In the present case, Victim's testimony and Officer Thompson's testimony supported an inference that Defendant did not attempt to cause physical injury but merely knowingly caused physical contact which he knew Victim would regard as offensive. Victim described an ongoing verbal confrontation between herself and Defendant. Victim explained that when Defendant put his hand on her throat Defendant was not trying to hurt her physically so much as emotionally. Officer Thompson described Victim's demeanor after the event by stating Victim “was mad [.]” Emotional pain and anger are feelings associated with being offended. Thus, the testimony of Victim and Officer Thompson, if believed, could support a finding that Defendant caused offensive physical contact. The trial court should have submitted an instruction regarding third-degree domestic assault.
When the trial court fails to submit an instruction that is supported by the evidence, reversal is required. McNeal v. State, 412 S.W.3d 886, 894 (Mo. banc 2013) (“Because prejudice is presumed on direct appeal, a new trial is required if the trial court refuses the defendant's properly requested lesser-included offense instruction.”). Defendant's sole point is granted.
The trial court's judgment is reversed, and the case is remanded for a new trial.
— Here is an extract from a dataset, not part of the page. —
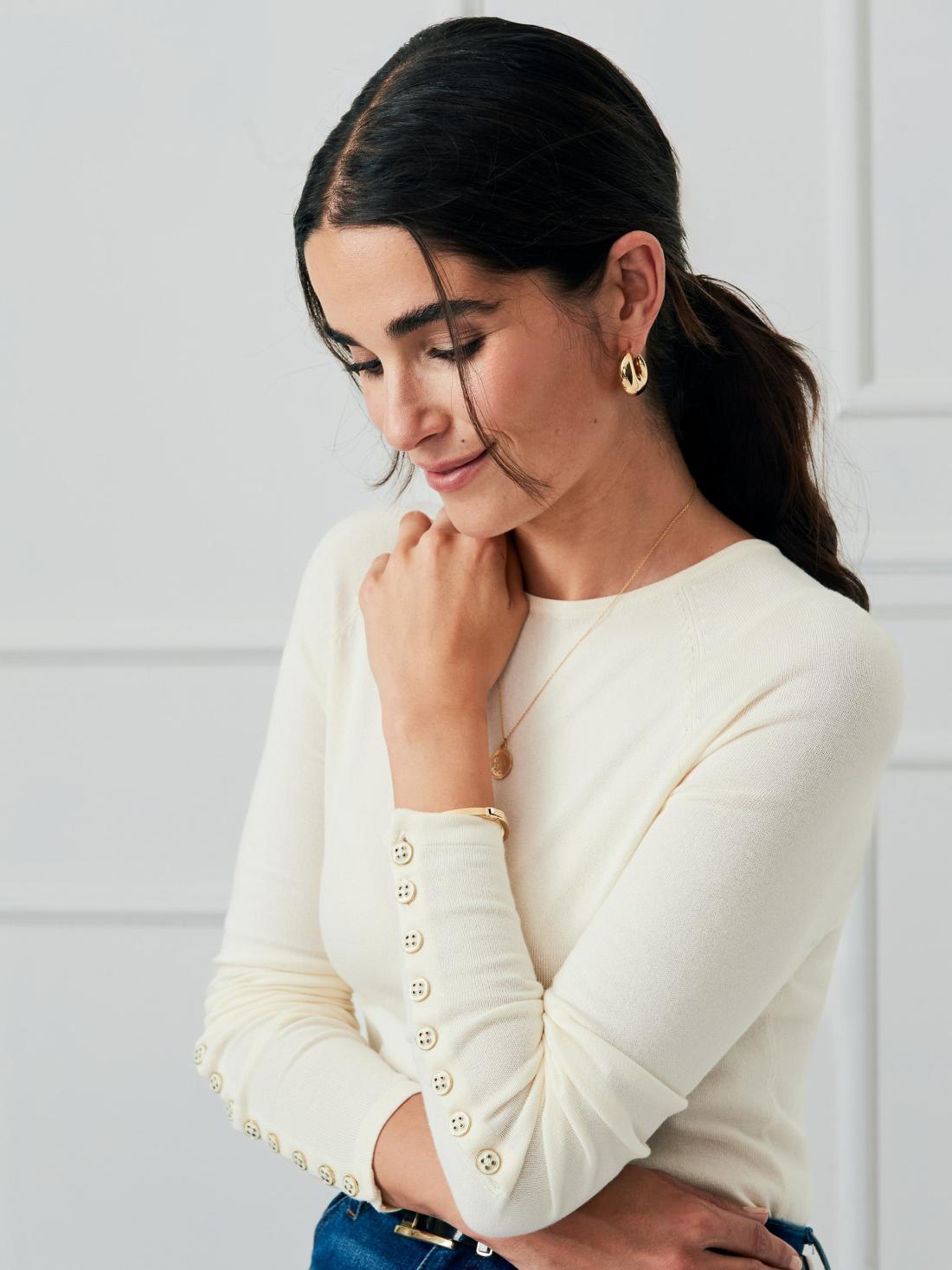 J.McLaughlin Jamey Sweater Egret White | Women Sweaters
1. The State argues Defendant's claim was not preserved for appellate review because the instruction Defendant proffered at trial “did not correctly state the second element of the offense[.]” We disagree.Defendant's proffered instruction posited Defendant and Victim “were adults who resided together[.]” Under the statute in force at the time of this offense, a conviction for third-degree domestic assault required among other things that the victim be “a family or household member or an adult who is or has been in a continuing social relationship of a romantic or intimate nature with the actor, as defined in section 455.010[.]” § 565.074.1, RSMo Cum.Supp. (2012). Included in the section 455.010 definition of household member are “persons who are presently residing together[.]” § 455.010(7). Additionally, with respect to this element, the pattern instruction lists several options:(1) “were related by blood or marriage,”(2) “(resided together) (and) (had resided together in the past),”(3) “(were) (and) (had been) in a continuing social relationship of a romantic or intimate nature),” and(4) “(have a child in common).”The pattern instruction further instructs the practitioner to “[i]nsert one or more of the following.” MAI–CR 3d 319.76 (2013) (emphasis added). Thus, the statute merely required a finding that Defendant and Victim resided together, and the pattern instruction only required the use of one of the four options. For those reasons, the instruction did not need to posit both that Defendant and Victim resided together and had been in a continuing social relationship of a romantic or intimate nature. The State cites no authority supporting the idea that the proffered instruction was required to list more than one of the options as the State's instruction did. Defendant's proffered instruction complied with the applicable pattern instruction, so the claim is preserved for appellate review.
2. All rule references are to Missouri Court Rules (2013).
3. Unless otherwise indicated, all statutory references are to RSMo Cum.Supp. (2012).
MARY W. SHEFFIELD, J.
GARY W. LYNCH and DON E. BURRELL, JJ., CONCUR.